A Hindu social worker approached Ruth Seabury, a truly beloved missionary in India, one day. At one point in the conversation, he asked, “Do you think that most Christians know what they’ve got?” Perplexed by the question, Ruth asked what he had in mind. He said, “Every religion has a god. Every religion has an altar. Every religion has worshipers. Every religion believes in sacrifice. But only Christians have a Savior, and a congregation.”

That’s a good question. Do we know what we’ve got? We are the only religion with a savior; at least one like Jesus. I think we do get just how unique he is. But what about the congregation? Frankly, it is impossible to overstate the importance of the congregation to the Christian faith. We are not simply an assembly of individuals, unattached, who happen to worship in the same vicinity. We are the body of Christ. As such, our unity is essential to our calling as followers of Jesus. That is what Jesus is saying to us in today’s Gospel lesson. Talking about unity might seem strange in a moment like this, when we are more apart due to closed buildings and social separation than we have ever been. But we will be starting to regather soon, though still in limited ways, and we need this reminder from Jesus about unity now as we prepare.  

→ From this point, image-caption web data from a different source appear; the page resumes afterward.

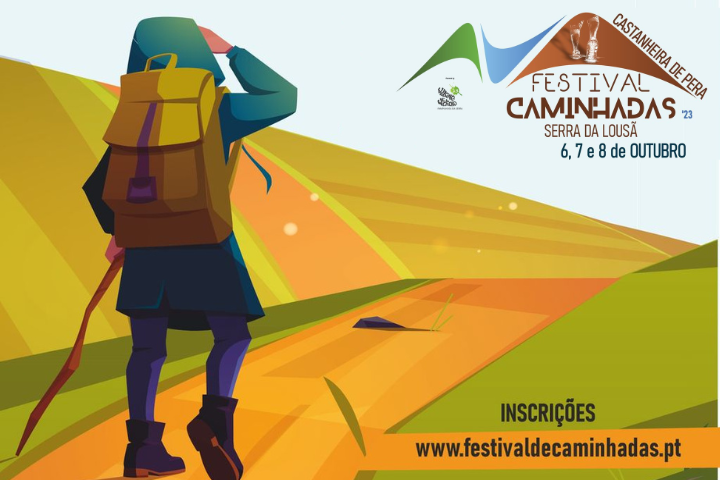 Festival de Caminhadas da Serra da Lousã 2023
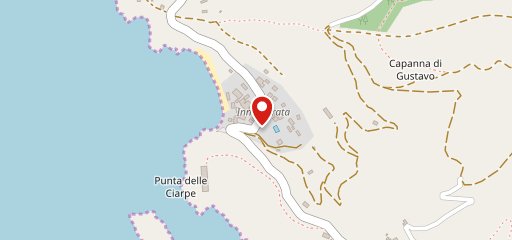 Residential Hotel Villaggio Innamorata sulla mappa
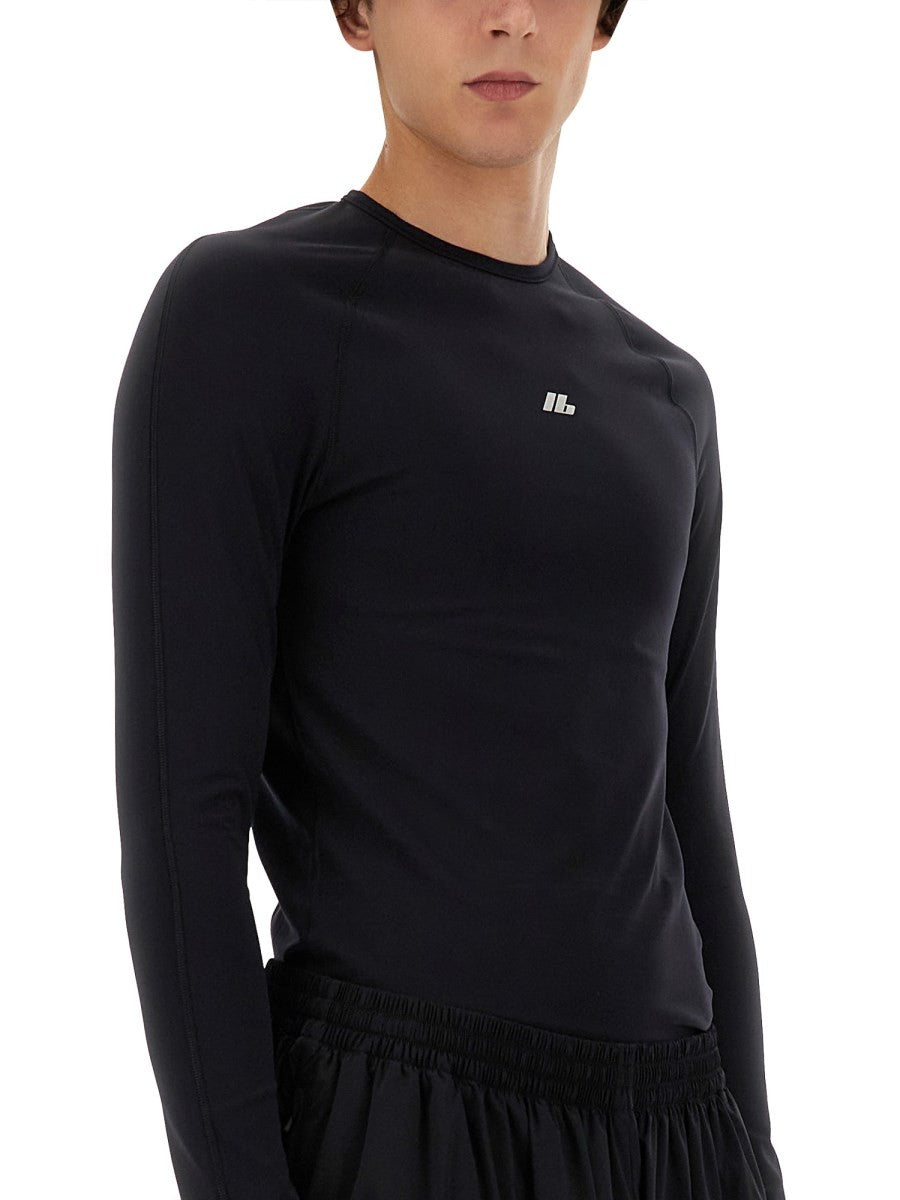 Balenciaga TOPS MIT LOGO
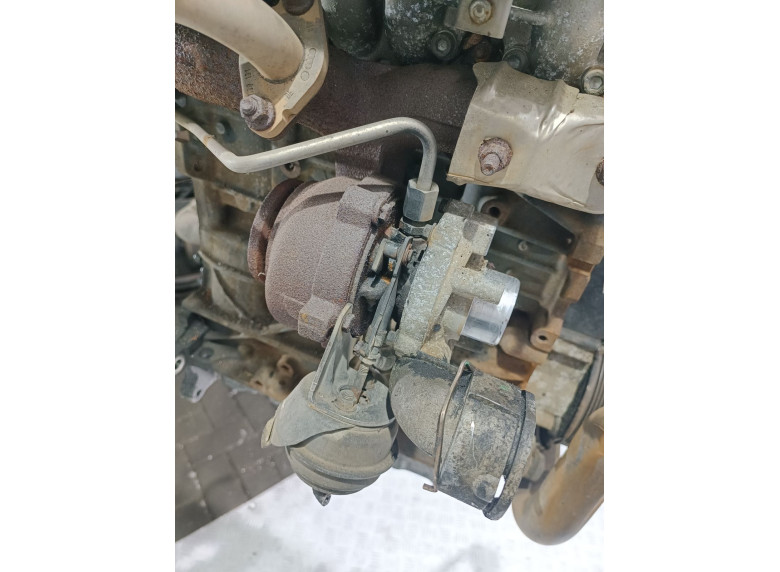 Турбина к Volkswagen Golf, 2006г.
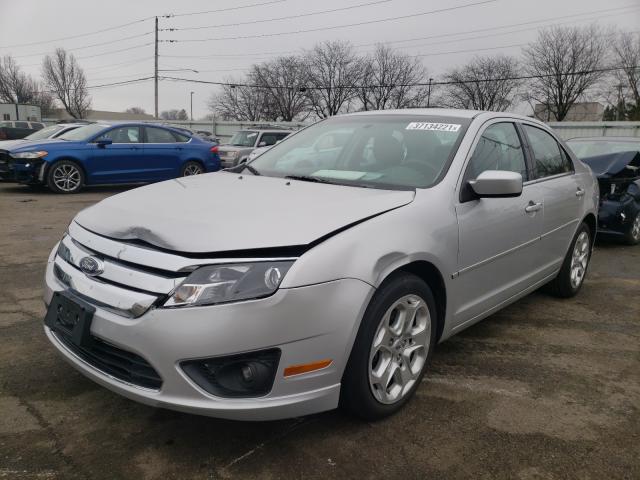 Photo 1 VIN: 3FAHP0HA6AR215837 - FORD FUSION SE 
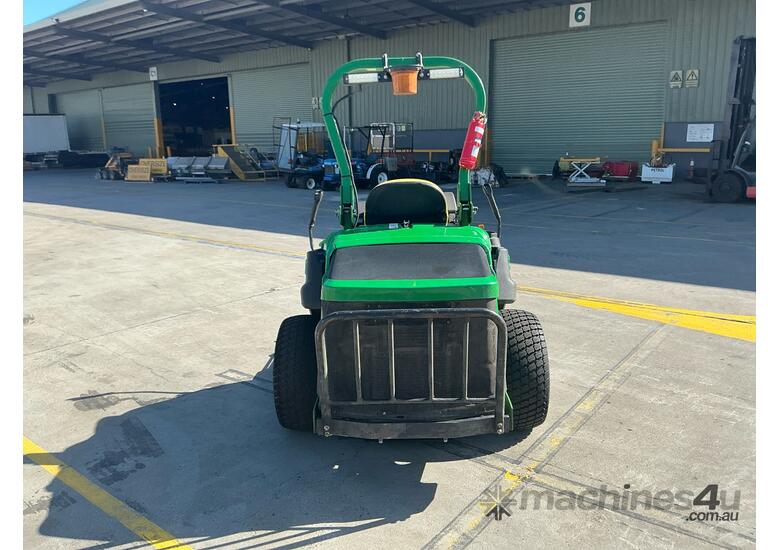 caption 2017 John Deere Z997R Ride On Mower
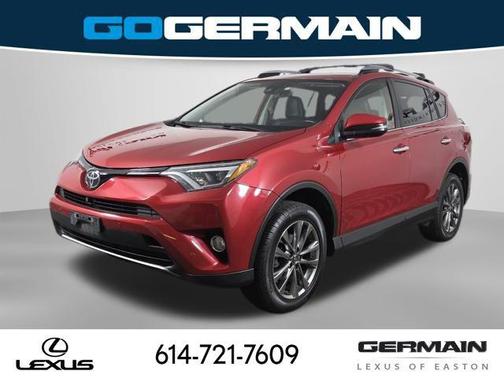 2017 Toyota RAV4 Limited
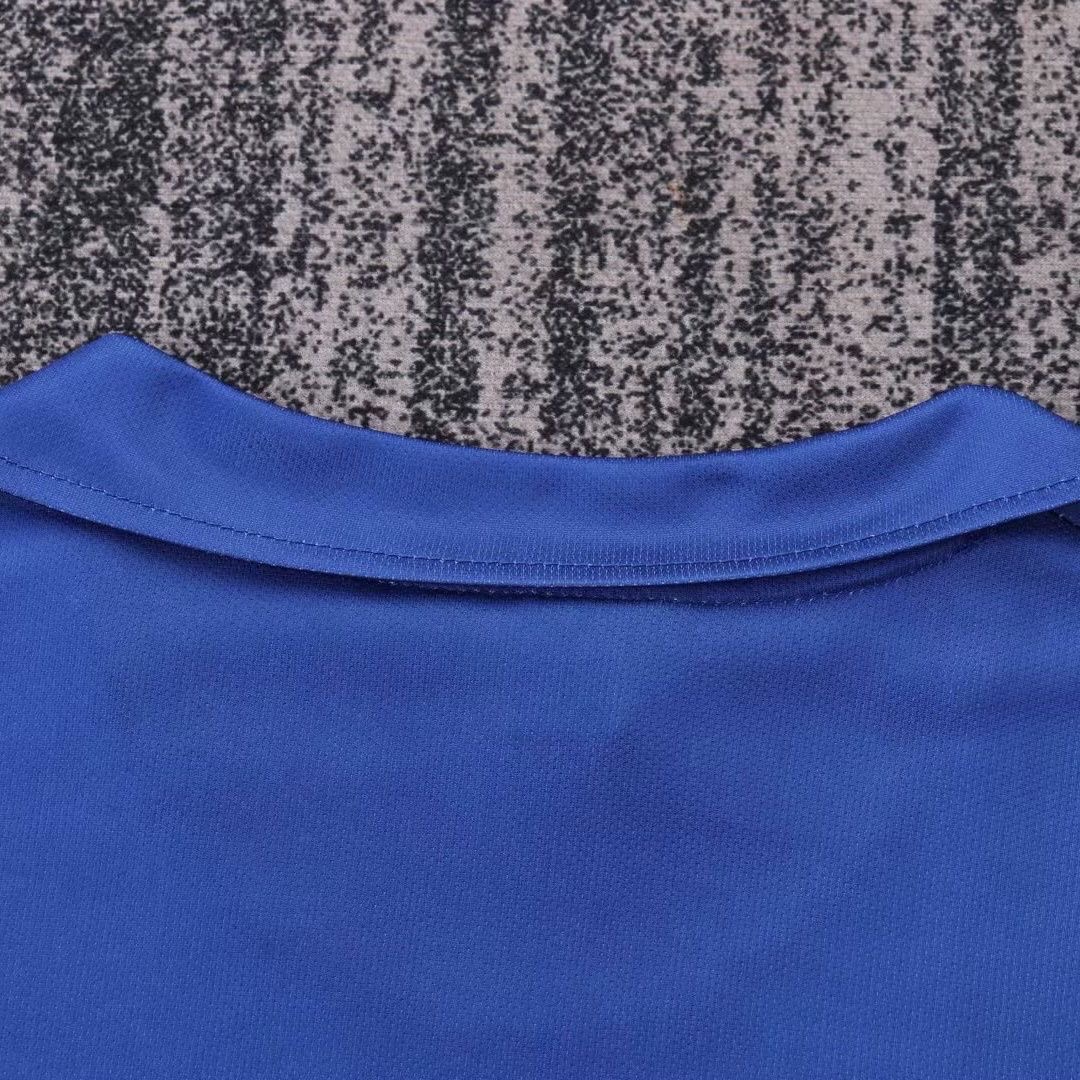 1990/1991 Retro Sampdoria HomeFootball Shirt Kids Size 1:1 Thai Quality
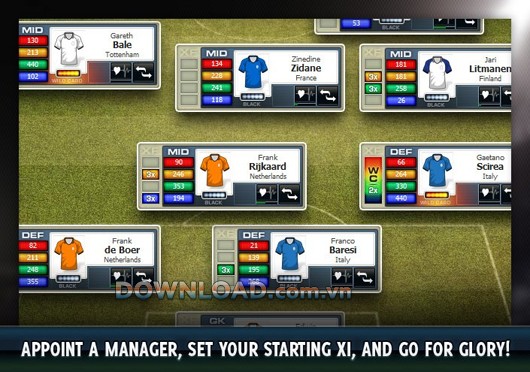 Galacticos Football 2012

So, our Savior has three things for us to hear today, and the first is this: The importance of harmony in the congregation. “If another member of the church sins against you, go and point out the fault when the two of you are alone.” Earlier, in the Sermon on the Mount, Jesus also says, “If you are offering your gift at the altar and remember that your brother or sister has something against you…first be reconciled with your brother or sister, and then come and offer your gift…” In other words, regardless of who is at fault, when a relationship within the congregation of Christ is injured, get it mended as quickly as possible.

Sometimes regretful, hurtful things are said or done in the body of Christ. It takes a strong person to go to someone who has given offence and be the one who swallows pride and seeks to repair an injured relationship. But that is what Jesus would have us do. That is the first thing to hear in our Lord’s words this morning; the importance of harmony in the congregation.

Here’s the second: The power of a united congregation. Jesus says, “Again I say to you, if two of you agree on Earth about anything they ask, it will be done for them by my Father in Heaven.” There is great power when a congregation works together, prays together, laughs together, and sheds tears together. That has always been the great strength of the Christian congregation. This is such a strong force that it has continued even now among many of us, not only by phone or through social media or on-line meetings, but in everyday encounters on a sidewalk, or in a park, or over a fence.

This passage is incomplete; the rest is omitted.